Mercredi dernier, à l’appel de la société civile, toutes les villes de l’Est de la RDC ont été paralysées par des marches et des « journées ville morte » pour « protester contre cette nouvelle guerre » et soutenir les efforts qui sont menés en vue d’y mettre fin. Ce qui est bien bon. Cet élan national, cette solidarité du peuple autour d’une question aussi importante que la souveraineté et la sécurité nationales.

Ma satisfaction serait pourtant plus complète si l’on pouvait observer la même dynamique et la même solidarité lorsqu’il s’agit d’autres questions d’une importance similaire (ou presque) comme par exemple :
-          S’opposer à la modification intempestive de la constitution (comme celle de janvier 2011 qui a réduit le scrutin présidentiel à un seul tour au lieu de deux) :
-          Réclamer l’application de la constitution en ce qui concerne la retenue à la source de 40% des recettes des provinces, ou la mise en place du Conseil constitutionnel et de la Cour des comptes, ou encore la tenue des élections locales ;
-          Dénoncer la corruption et exiger la fin de l’impunité et d’autres antivaleurs, …

Balkaniser la RDC : quoi de neuf ?

Brandir l’idée que le M23 procède d’un « complot international » visant à la balkaniser la RDC, c’est tout simplement une idée ridicule à mes yeux.
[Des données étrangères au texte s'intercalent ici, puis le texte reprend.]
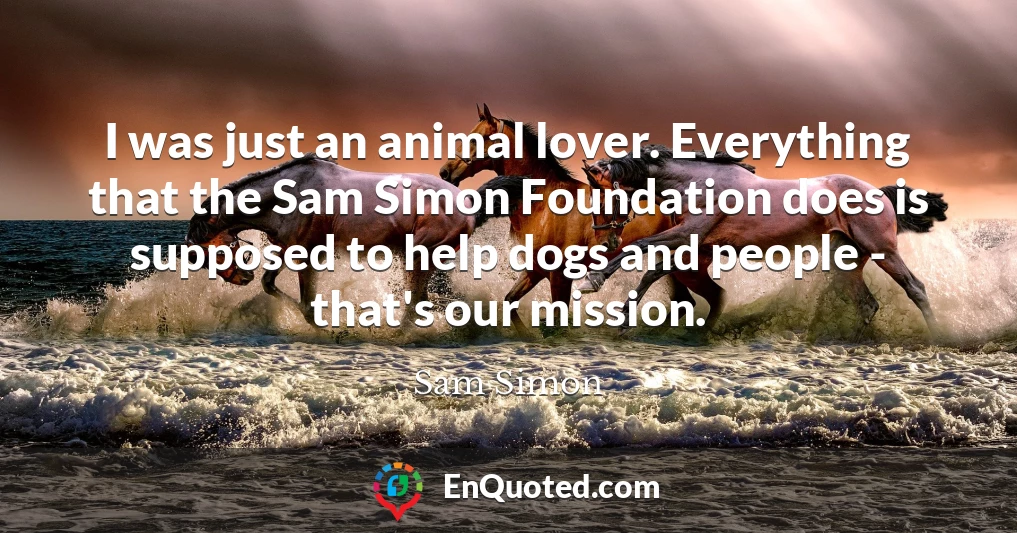 I was just an animal lover. Everything that the Sam Simon Foundation does is supposed to help dogs and people - that's our mission. I was just an animal lover. Everything that the Sam Simon Foundation does is supposed to help dogs and people - that's our mission.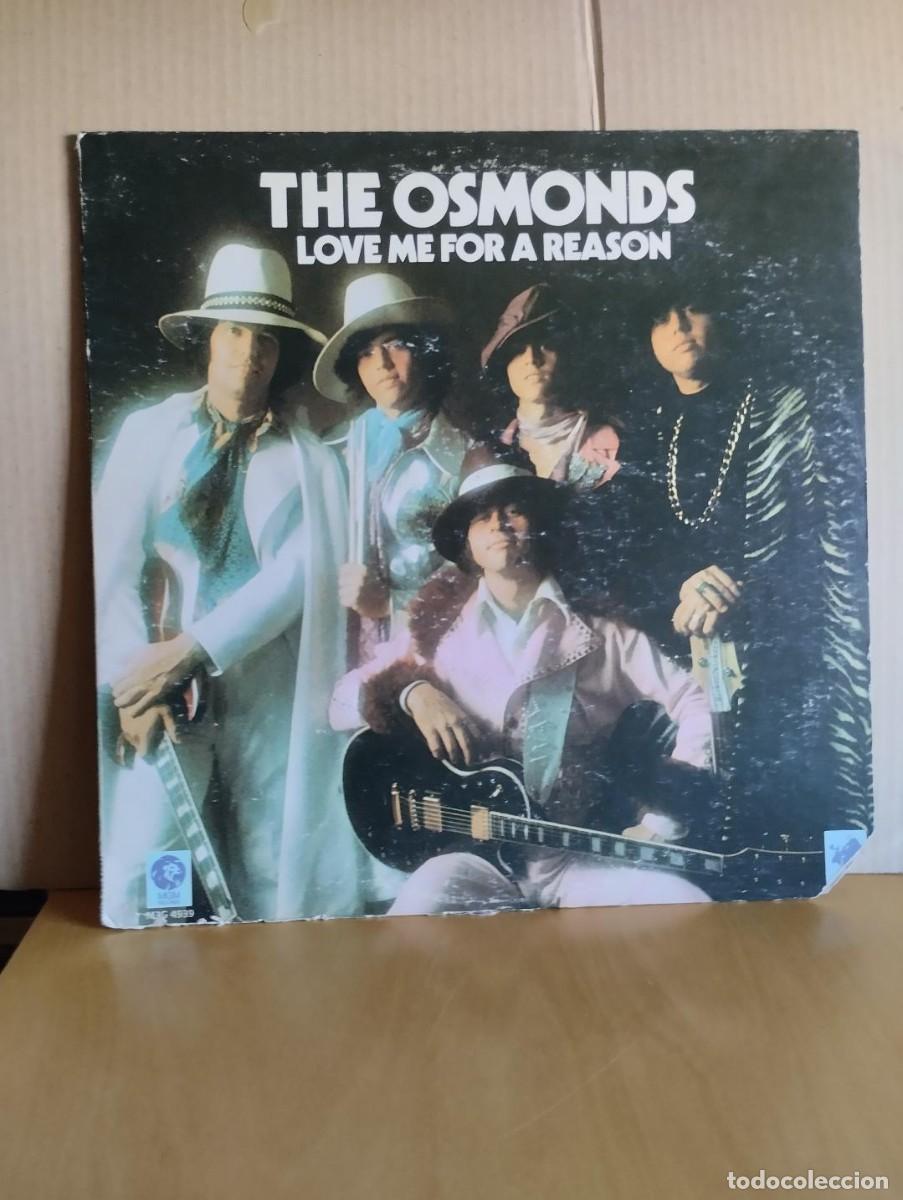 Discos de vinilo: THE OSMONDS ---- LOVE ME FOR A REASON - Foto 1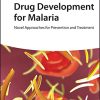 Drug Development for Malaria: Novel Approaches for Prevention and Treatment (Original PDF from Publisher)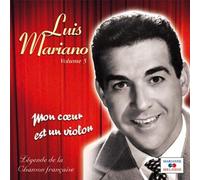 Luis Mariano - Vol 5: Mon Coeur Est Un Violon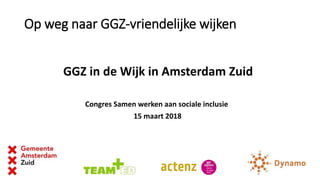 Op weg naar GGZ-vriendelijke wijken
GGZ in de Wijk in Amsterdam Zuid
Congres Samen werken aan sociale inclusie
15 maart 2018
 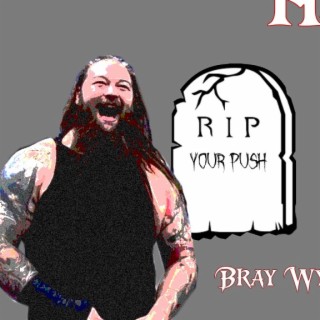 Ep. 2: Is Bray Wyatt Now The Ultimate Push Killer?
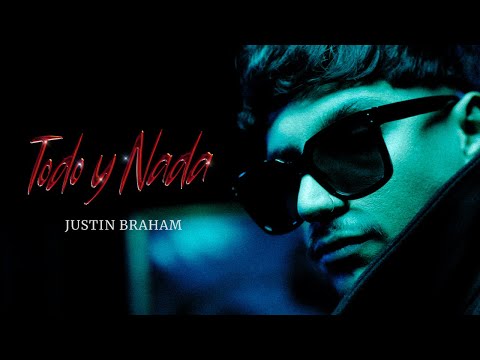 Justin Braham - Todo y Nada (Official Video)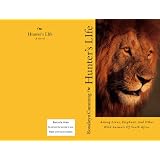 AHunter'sLifeAmongLions,ElephantsAndOtherWildAnimalsOfSouthAfrica(Annotated)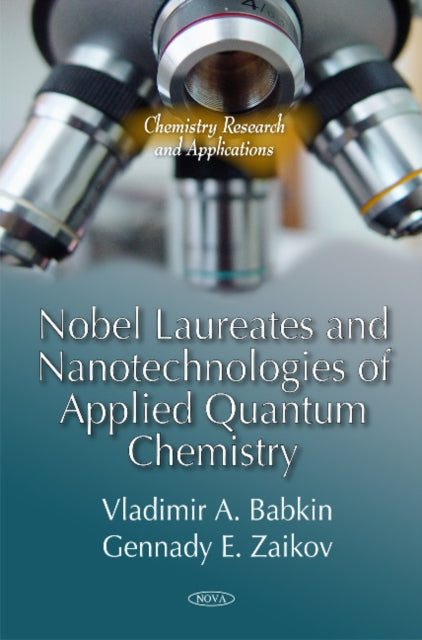 Book cover of: Nobel Laureates & Nanotechnologies of Applied Quantum Chemistry. By: V. A. Babkin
D’abord parce que les autorités de Kinshasa ne font absolument rien pour mettre le peuple dans les conditions minimales qui lui permettent d’apprécier le bien fondée de l’unité tant vantée : l’insécurité est permanente, la pauvreté, l’oppression parfois de la part de ceux qui sont sensés assurer la protection, exclusions, stigmatisation, … Ensuite parce que la sécession du Congo n’est pas une idée que des étrangers : il y a de nombreux peuples (au nord, au sud, à l’est, au centre) qui préféreraient être autonomes, espérant ainsi pouvoir enfin se développer, et l’idée séduit de plus en plus les gens, surtout la jeunesse. Je ne sais pas si c’est aussi le cas des Tutsi, ou plus généralement des populations de langue kinyarwanda. Ce qui est sûr c’est que si c’était le cas, ils ne seraient ni les premiers, ni les seuls à y croire.

Exploiter les ressources naturelles ?

Quant à dire que cette guerre serait justifiée par le souci pour le Rwanda ou des pays tiers de continuer à exploiter les ressources de la RDC, je pense que cela n’a non plus rien de vraiment convainquant. En effet, les richesses de la RDC sont partout exploitées, que ce soit par les congolais ou les étrangers, sans que cette exploitation ne profite à la majorité d’entre nous. Et cela se fait de Moanda à Aru, de Gbadolité à Kolwezi, de Tshikapa à Bukavu… et les prédateurs n’ont nullement besoin de faire la guerre pour exploiter ce dont ils ont besoin. Déjà que personne n’a la capacité de les en empêcher. Ni l’armée ou la police, qui au contraire les convoient ou les alimentent bien souvent ; ni le gouvernement ou le parlement dont les membres s’en partagent les parts ou les miettes à cœur joie ; moins encore la population qui est dupe, ou résignée, ou amorphe, lorsqu’elle n’est pas elle-même exploitée de façon vulgaire.   

En conclusion

Certes cette énième guerre que mène le M23 est de trop : elle rajoute à l’insécurité qui en fait n’a jamais cessé au Nord-Kivu depuis plusieurs décennies ; elle aggrave une situation humanitaire déjà précaire et oblige des centaines de milliers de gens à fuir leurs maisons, leurs champs, sans compter ceux à qui elle prend la vie ; elle ranime des tensions communautaires qui étaient peut-être en passe de s’apaiser ; elle ravive la méfiance, voire la haine à l’égard du Rwanda et des Rwandais ; elle donne de nouveaux prétextes à un pouvoir qui a déjà montré ses limites à répondre aux attentes de la population ;…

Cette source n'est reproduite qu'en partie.